In all this desolation we looked in vain for any signs of life. It was not until we sought out the house of a captain of dragoons, a friend of my companion the Comte, that we found a human being in these solitudes. The house was, indeed, a melancholy ruin, but by the gate was a lodge, and in the lodge a concierge. He was a small man and middle-aged, and as he spoke he trembled with a continual agitation of body as though he were afflicted with ague. He led us into his little house, the walls of which were blackened as with fire and pierced in many places with the impact of bullets. And this was his tale.
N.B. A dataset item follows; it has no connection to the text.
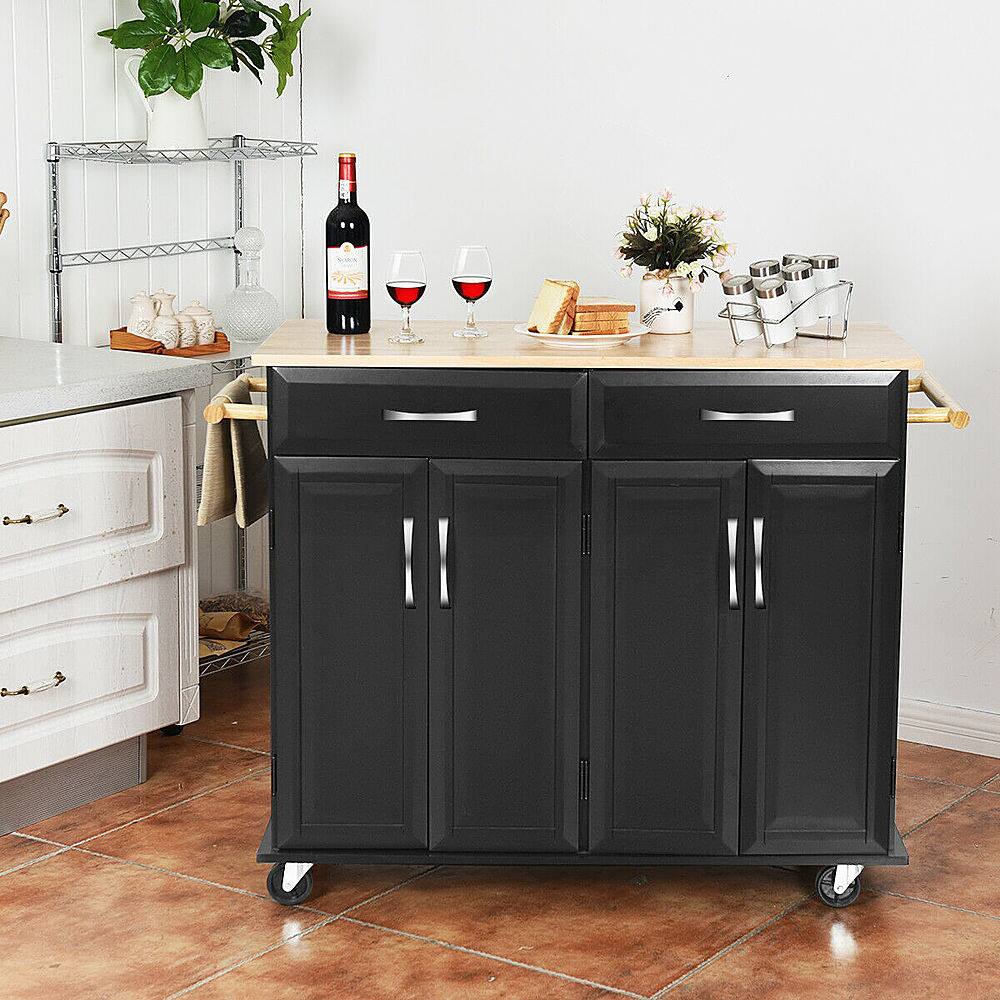 Alt View 11. Costway - Costway Rolling Kitchen Trolley Island Cart Wood Top Storage Cabinet Utility W/ Drawers - Black.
One afternoon early in September—it was the second day of the month, he remembered it because there had been an untimely frost over night—he heard the crackle of musketry on the outskirts of the town, and a column of grey-coated men suddenly appeared in the street. An officer blew a whistle, and, as some of them broke through the gates of the mansion, the concierge fled across the lawn with bullets buzzing about his ears and shouts of laughter pursuing him as he ran. In and out among the elms he doubled like a frightened hare, the bullets zip-zipping against the tree-trunks, till he crawled into a disused culvert and lay there panting and exhausted. From his hiding-place he heard the crash of furniture, more shots, and the loud, ribald laughter of the soldiers. And then a crackle of flame and a thick smell of smoke. And after that silence. At dusk he crawled forth from his culvert, trembling, his hands and face all mottled with stinging-nettles and scratched with thistles; he found his master's house a smouldering ruin, and a thick pall of smoke lay over the town of Senlis like a fog. Somewhere a woman shrieked and then was still. About the hour of nine in the evening the concierge heard voices in disputation outside the lodge-gates, and as he hid himself among the shrubberies more men entered, and, being dissatisfied with their work, threw hand-grenades into the mansion and applied a lighted torch to the concierge's humble dwelling. They were very merry and sang lustily—the concierge thought they had been drinking; they sang thus, "comme ça!" and the concierge mournfully hummed a tune, a tune he had never heard before, but which he would remember all his life. I recognised it. It was Luther's hymn:
Ein' feste Burg ist unser Gott.
Thus had passed the day. Meanwhile the maire, M. Odent, a good man and greatly beloved, had been arrested at the Hôtel de Ville. His secretary proposed to call his deputies. "No, no," replied the maire tranquilly, "one victim is enough." He was dragged along the streets to the suburb of Chammont, the headquarters of von Kluck, and his guards buffeted him and spat upon him as he went. Arrived there, he was condemned to death. He took his companions in captivity by the hand, embraced them—"très dignement," the concierge had been told—handed them his papers, and bade them adieu. Two minutes later he was shot, and his body thrown into a shallow trench with a sprinkling of earth. The concierge had seen it the next day; the feet were protruding.
All this the concierge told us in a dull, apathetic voice, and always as he told his body twitched and the muscles of his face worked. And he spoke like a man in a soliloquy as though we were not there. He seemed to be looking at something which we could not see. As we bade him adieu he stared at us as though he saw us not, neither did he return our salutation. We clambered back into our car and turned her head round towards Compiègne. I shall never see Senlis again.